Paylaş
BAŞBAKAN Bülent Ecevit Fransa'nın Nice şehrinde bir Avrupa aile fotoğrafına ilk defa Türk bayraklı bir pano önünde poz verirken, aynı saatlerde Ankara'da sürpriz bir açıklama yapılıyordu.
Genelkurmay Başkanlığı'nca dün yapılan açıklamanın zamanlaması ister istemez şu soruyu akla getiriyor.
Bu açıklamanın, Başbakan Bülent Ecevit'in Nice'de Türkiye açısından son derece önemli bir toplantıya katıldığı sıraya rastlaması acaba bir tesadüf mü?

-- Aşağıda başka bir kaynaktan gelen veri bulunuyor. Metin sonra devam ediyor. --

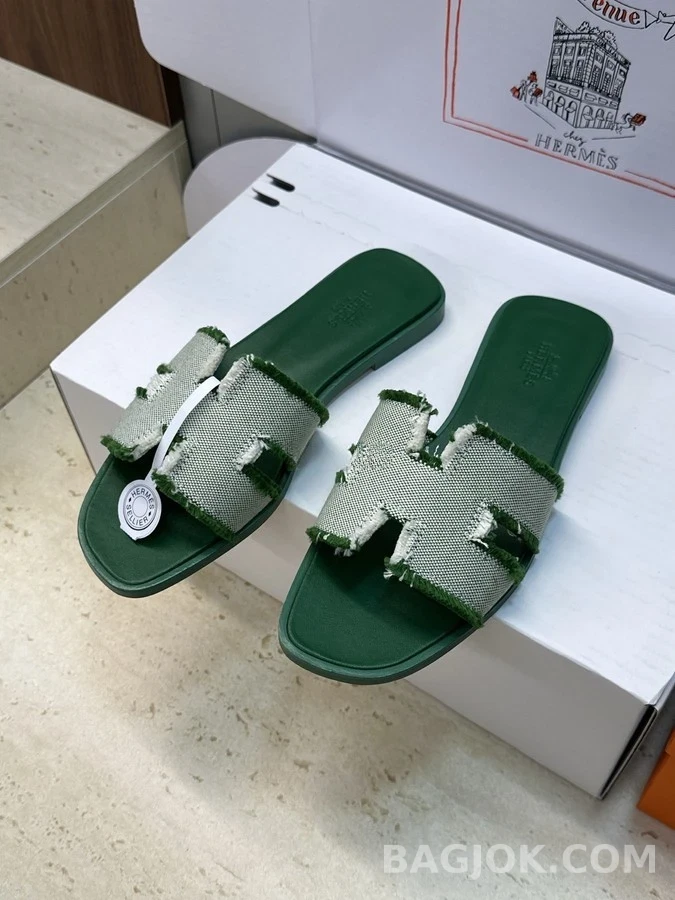 에르메스 에르메스 오란 프레이드 가죽 H 로고 샌들 상세 이미지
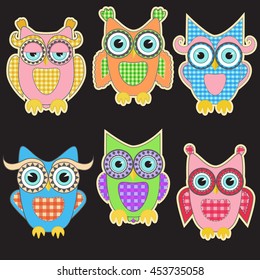 Cute owls flat childish vector collection.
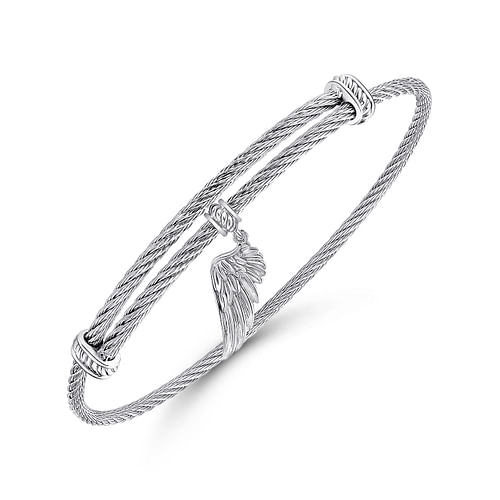Adjustable Twisted Cable Stainless Steel Bangle with Sterling Silver Angel Wing Charm - Shot 2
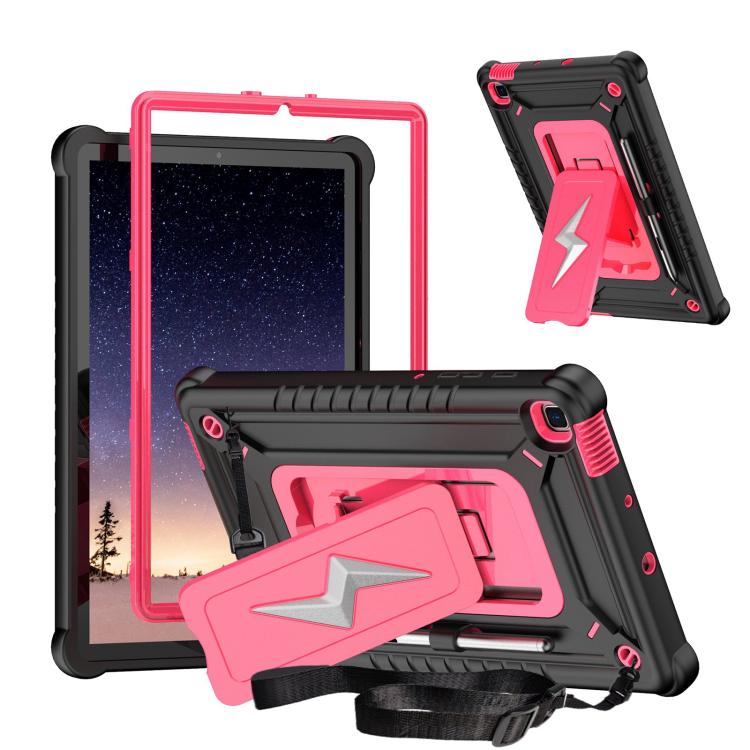 

For Samsung Galaxy Tab S6 Lite 2020 / 2024 Armor Bolt Shape Holder Silicone Hybrid PC Tablet Case(Black Rose Red)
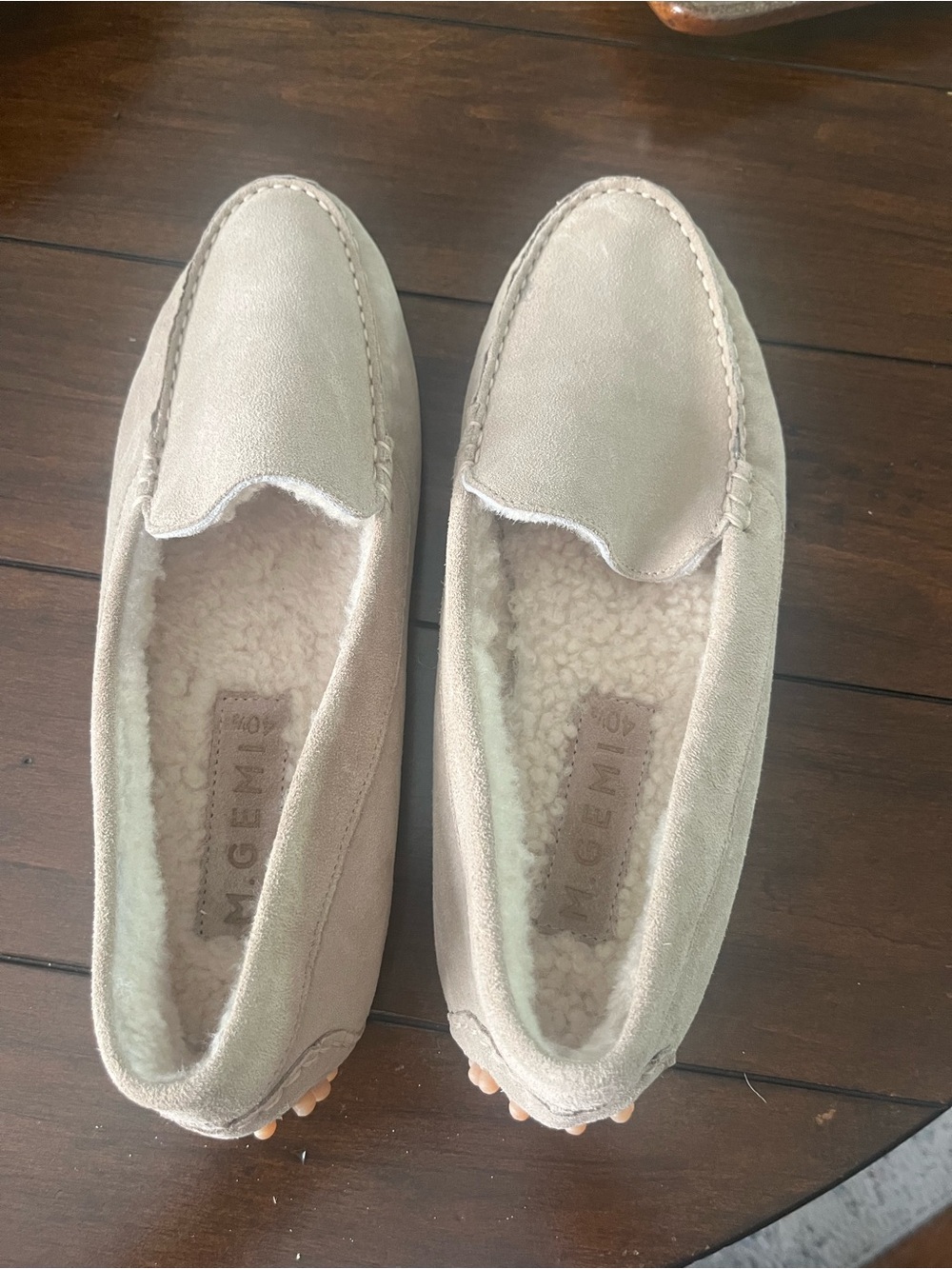 M. Gemi Cream Suede Shearling-Lined Slip-On Loafers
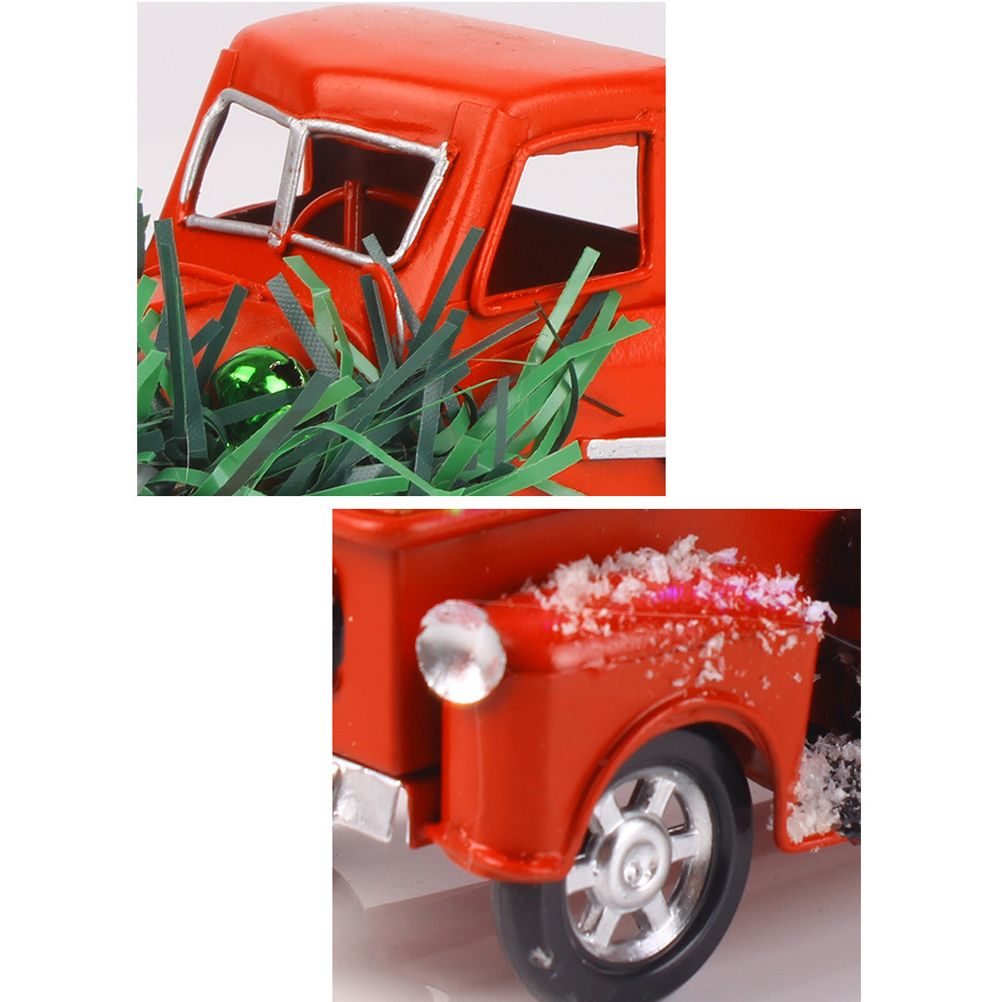 Christmas Vintage Red Truck Metal Truck Car with Christmas Trees Ornaments for view 4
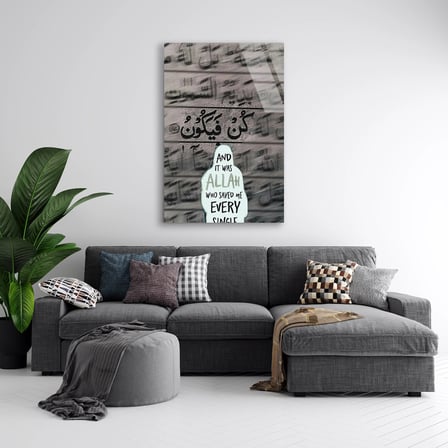 Kur'an-ı Kerim Hat Yazısı Cam Tablo 35x50 cm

Tesadüf olacağına ihtimal vermiyorum.
Askerler böyle konularda çok dikatlidir.
Onların hayatında ‘‘Zamanlama kavramının’’ çok büyük önemi vardır.
Dolayısıyla Avrupa Konferansı Nice şehrinde AB'nin genişleme stratejisini, dolayısıyla Türkiye'nin kaderini görüşürken Ankara'da böyle bir açıklama yapılmasının tek anlamı olabilir.
Hem Hükümet'e hem Avrupa'ya ‘‘Mesaj vermek.’’
Ben kendi payıma şöyle düşünüyorum.
Keşke bu açıklama aynı güne rastlamasaydı.
Çünkü bu görüntü, askerlerin bir adım geri çekilmesini isteyen AB için herhalde hoş olmamıştır.
Başbakan Ecevit'in o anki psikolojisini de merak ediyorum.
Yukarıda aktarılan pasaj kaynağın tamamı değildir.